There are lots of PBX companies and lots of PBX types. I think a couple dozen companies and dozens of different switches. But the big players in the United States are Nortel Networks and Lucent Technologies. Other notable switch vendors are Alcatel in France, Siemens in the US and Europe, and Rockwell in Canada. Every switch has a different switch protocol, different CTI API and features. So writing software that can talk generically to a wide variety of switches is quite an undertaking.

Which brings me to what the CCT group does at Oracle. We handle the CTI stuff for the rest of CRM. What's our job? Our job is to write the APIs that other CRM groups use to telephony-enable their applications. Not only that, but the CCT group also handles telephony related add-on services such as routing calls and call management. So let's dig a bit deeper into the CCT architecture.

In the center, we have the Interaction, Queueing and Distribution (IQD) server. This server is notified about incoming calls and either queues them up for various agents or distributes the call immediately. The IQD talks to the Routing Server (RS), which classifies calls and tells the IQD where to route calls. The IQD and RS are global servers -- only one of each should run in an enterprise. The Oracle Database is also a global server -- you can have multiple database servers, but to all applications it should look like one big server (so the Oracle RDBMS handles caching and replication to maintain the single-view model).

Each call center in an enterprise will run an Oracle Telephony Manager (OTM).

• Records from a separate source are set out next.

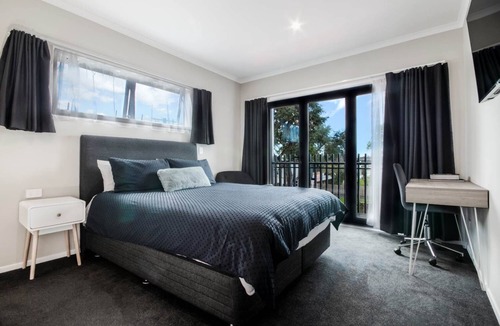 Papatoetoe Hotel | ACL Studio Units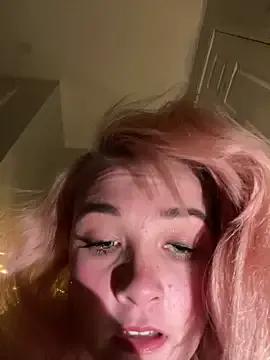 Freechat Itzz_lolareign on StripChat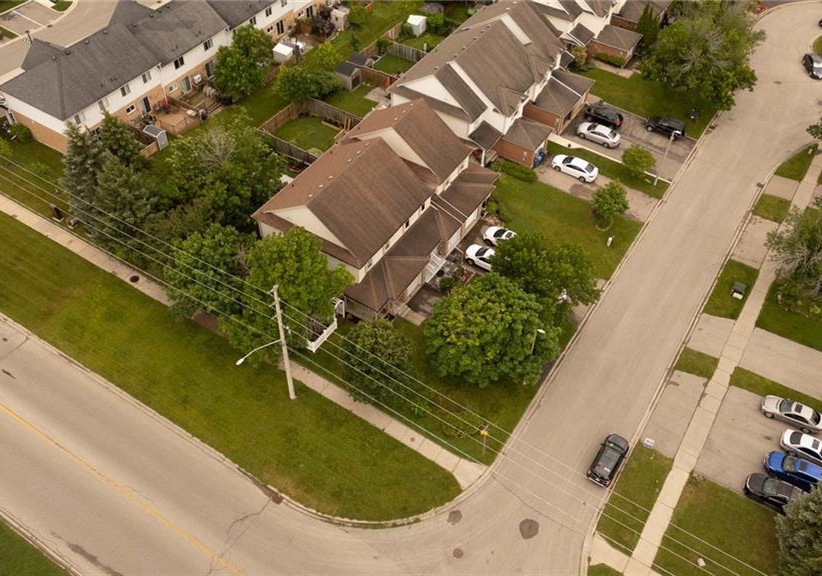 2-ireland-place-guelph-ontario-40840176
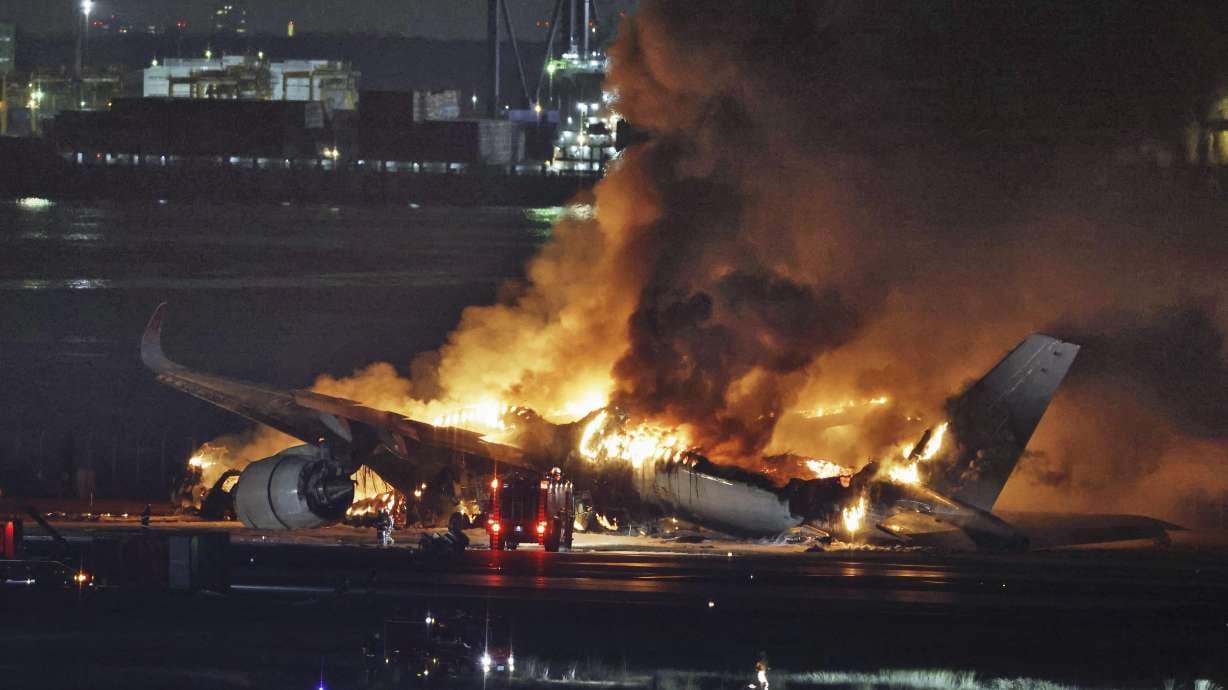Fatal Collision at Tokyo's Haneda Airport: 5 Dead in Runway Accident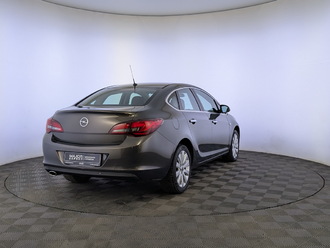 фото Opel Astra J 2013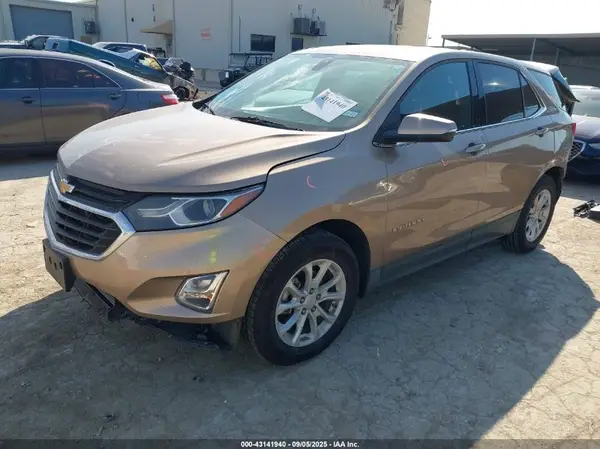2GNAXJEV8J6284049 2018 CHEVROLET EQUINOX - Image 2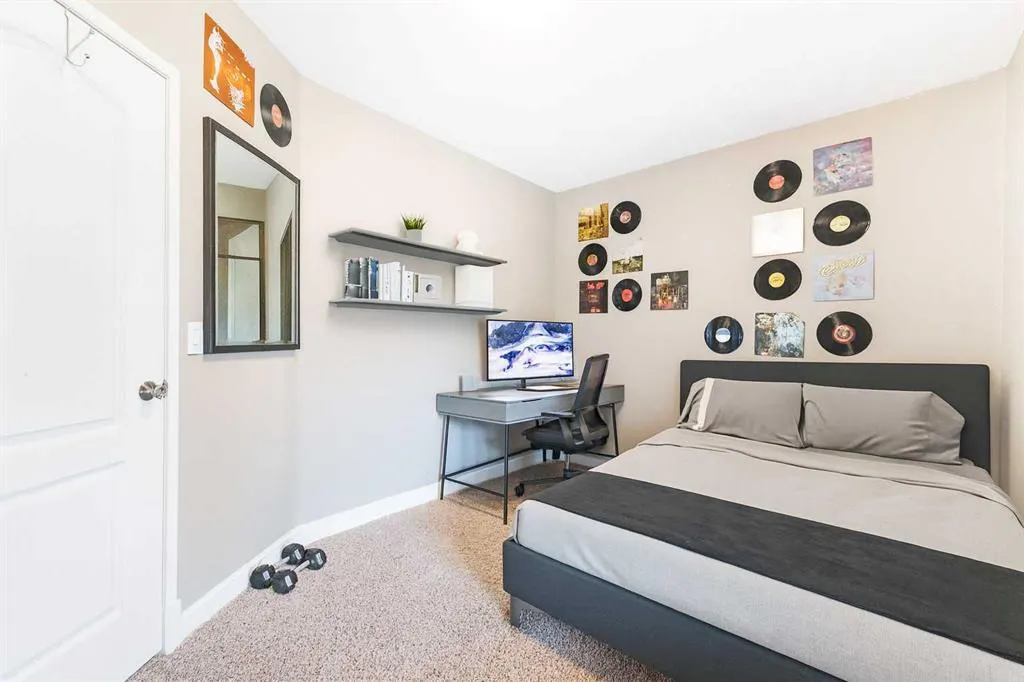 20 Auburn Sound Terrace SE
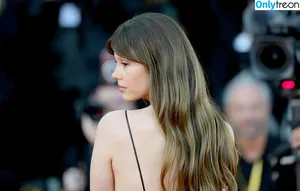 Mia Goth / goth.mia / officalmiagoth nude photo #0264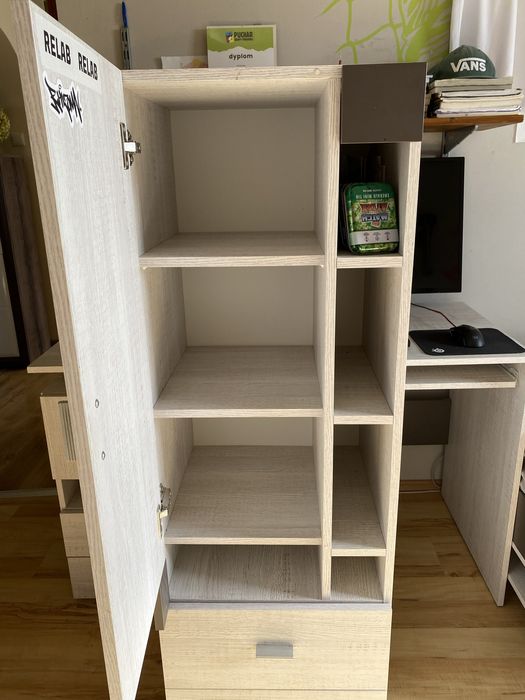 Mała komoda szafka na książki ubrania z szufladami agata meble ikea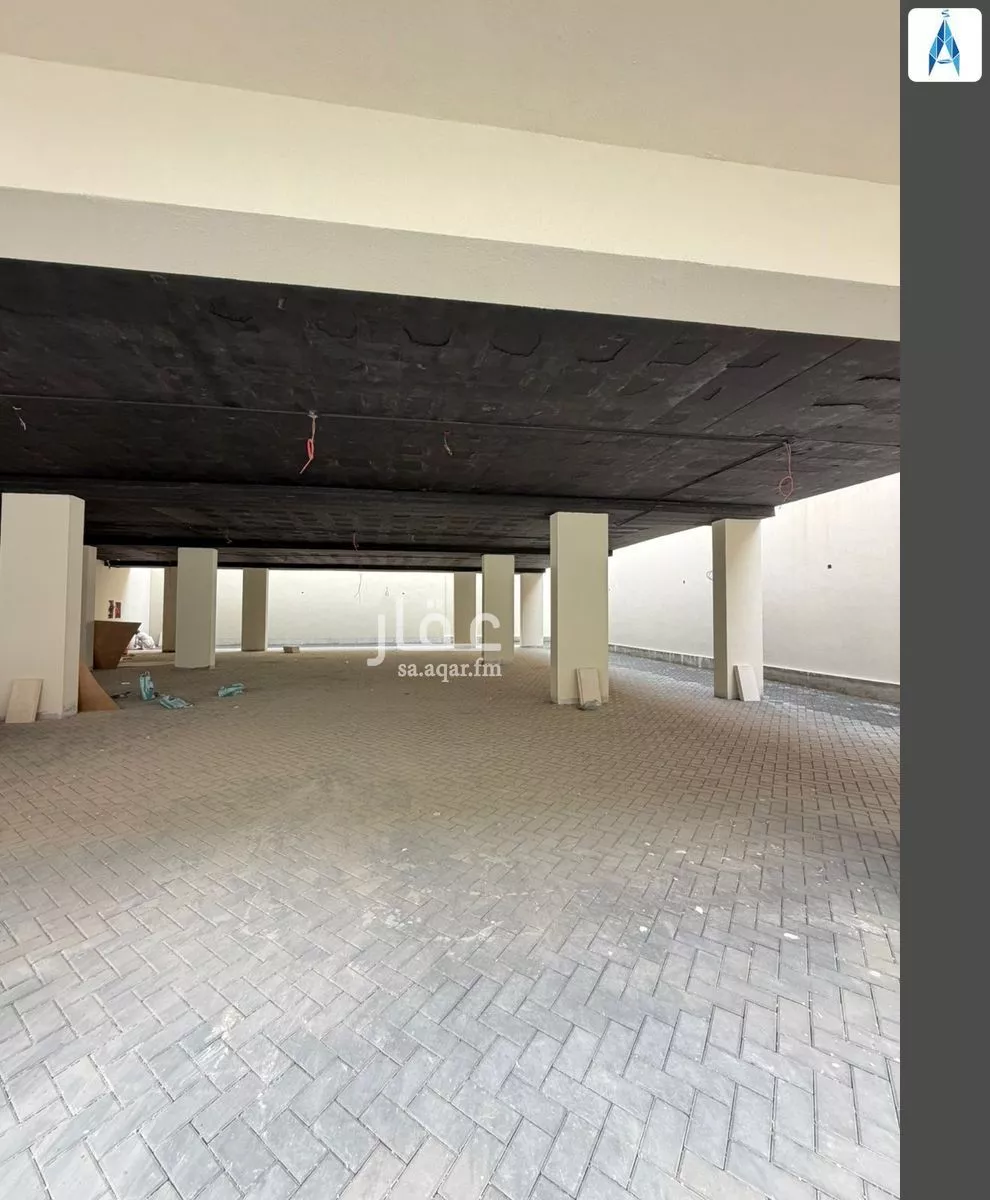 مكتب 1238 م² في الغدير 3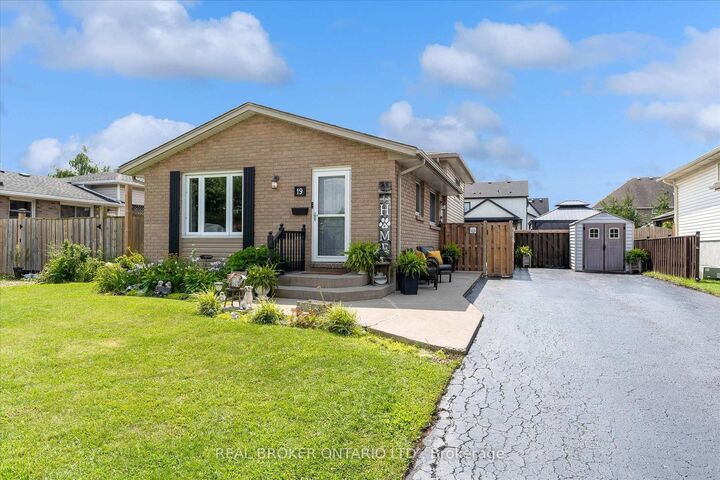 Property Photo: 19 Acadia Drive ON L3C 6L4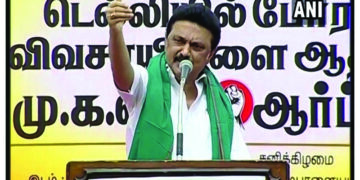 DMK urges PM to hold talks with agitating farmers in Delhi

The OTM is the server that agents log into for telephony services. The OTM keeps track of calls, processes switch events, and invokes switch functionality. Each call center will probably also run an Inbound Telephony Server (ITS). The ITS is an adjunct that listens to calls arriving at a switch and notifies the IQD of those calls so that the IQD can route the calls appropriately. I only mention it because my team is responsible for the ITS.

The OTM doesn't actually talk to the switch directly. All that low-level communication is run through the Call Center Connectors server (CCC). From the IQD to the ITS, all those servers run in Java (so yes, Java can be used to run near real-time applications that scale to hundreds of users). The CCC server on the other hand is a C++ server which we inherited from a small company we bought. The CCC server conceptually talks to a switch. Really, it talks to the CTI module of a switch -- and the CTI module can be a third party middleware server. But the CCC is as low as we code.

So again, I'm trying to answer what my team does. We have six people in my team and we're responsible for the CCC and ITS servers and the lower half of the OTM. It requires us to know several switches and their ideosyncrasies, C++, Java, client-server programming and some database tools. Our job also requires us to write a lot (technical manuals, API documentation, application notes), upkeep our web site, deal with other groups and customers and a lot of things that don't really come under "what they teach you in college".